Немецкий оборонительный рубеж, созданный перед Мгой, все еще удерживается. Речь по-прежнему идет о нескольких отвоеванных или сданных метрах, хотя русские намерены целиком отбить «горлышко у бутылки». Теперь они пытаются это сделать одновременно на трех участках фронта южнее Ладожского озера. Русские вновь атакуют Синявинские высоты. Одновременно огневые валы вновь накатываются на фланги: с запада, со стороны Колпино и с востока из-под Погостья, где 96-я пехотная дивизия намеревалась накануне насладиться несколькими днями отдыха, после того как на Неве у Городка попала в «мясорубку». В то время как среди немецких солдат, окопавшихся под Ленинградом, ползет слух о гибели 6-й армии в Сталинграде, русские стремятся закрепить победу на Волге успешными боями на Неве. Но их мощный завершающий удар в тыл немцам пока не приводит к успеху. Советское командование на него очень рассчитывало, так как таким образом оно могло бы, наконец, наладить надежную сухопутную связь по Кировской железной дороге в районе Мги и тем самым обеспечить эффективную помощь Ленинграду. В конечном итоге тогда удалось бы окружить немецкие дивизии в «Бутылочном горле», прекратив снабжение немцев у автомагистрали Ленинград — Новгород параллельно Волхову.
Какие бы боевые донесения той поры мы ни перелистывали, везде бросается в глаза ужас, ставший обыденным явлением. Кажется, только что дивизия «СС Полицай» прикрывала фланг при прорыве 6000 немецких солдат, отступавших с берегов Ладоги, а сейчас она уже сама залегла у Невы под ураганным огнем.
21-я пехотная дивизия окопалась под Синявино вместе с 28-й легкопехотной дивизией, с 11-й пехотной дивизией генерала Томашки и с 61-й пехотной дивизией. 132-я пехотная дивизия отражает атаки дивизий 54-й армии генерал-майора Сухомлина, вклинившихся под Погостье.

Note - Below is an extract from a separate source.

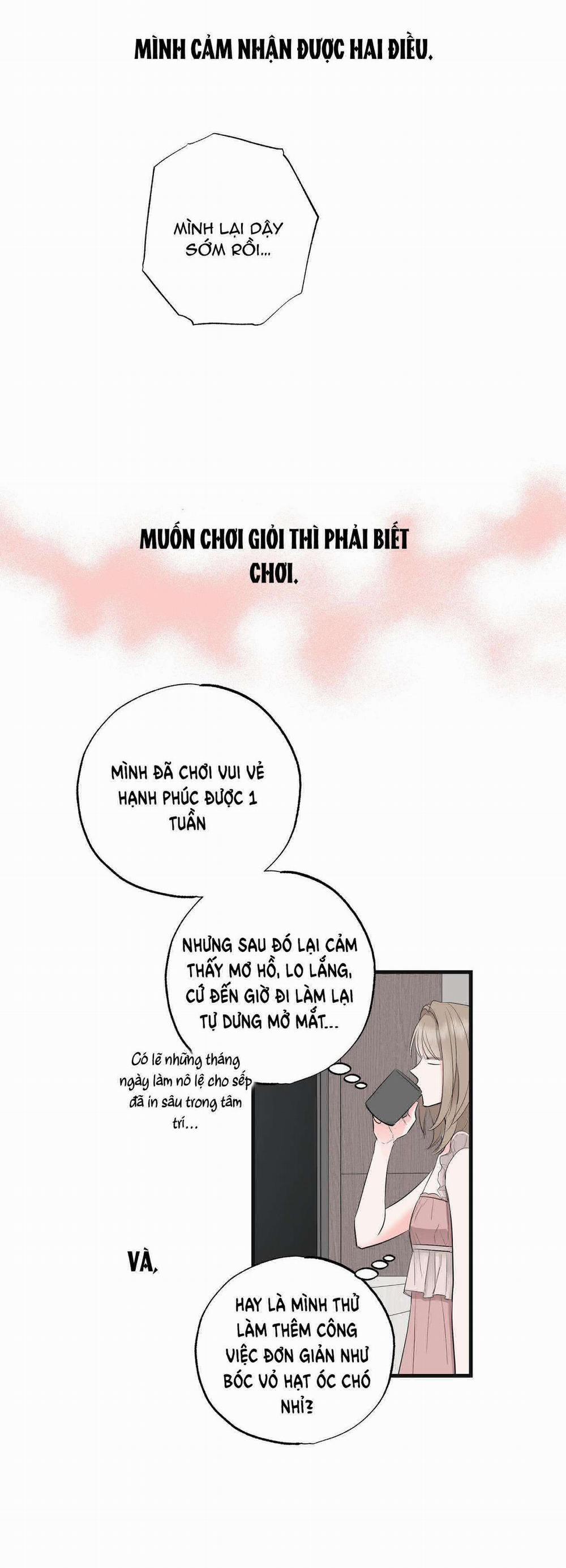 [18+] Bốn Người Chúng Tôi Không Phải Họ Hàng 1 trang 70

Целесообразно задаться вопросом о боевом духе немецких солдат в эти дни изнурительных бесконечных боев, сопровождавшихся заболеваниями, борьбой со вшами и сообщениями о гибели целой армии под Сталинградом. Барон фон Альмайер-Бек отвечает на этот вопрос словами своего командира 21-й пехотной дивизии генерала Герхарда Матцки: «Мы действовали решительно и надежно». Это звучит слишком уж молодцевато, но тот, кто иронически усмехается этому, поступает легкомысленно. Потому что как раз невообразимые обстоятельства и условия не дают солдатам времени задумываться о смысле и целесообразности происходящего и впадать в депрессию. Противник и обстановка не дают им времени на передышку, к тому же оборонительные позиции становятся все менее устойчивыми. Каждый солдат зависит от своего сослуживца и вынужден всецело на него полагаться. В этом заключается тайна боевого товарищества. Кто будет еще чем-то другим забивать себе голову, когда важнее снарядить магазин патронами, проглотить котелок гуляша с макаронами и укрепить бруствер окопа таким образом, чтобы снайпер на той стороне не мог бы поймать в прорезь прицела одного из «фрицев».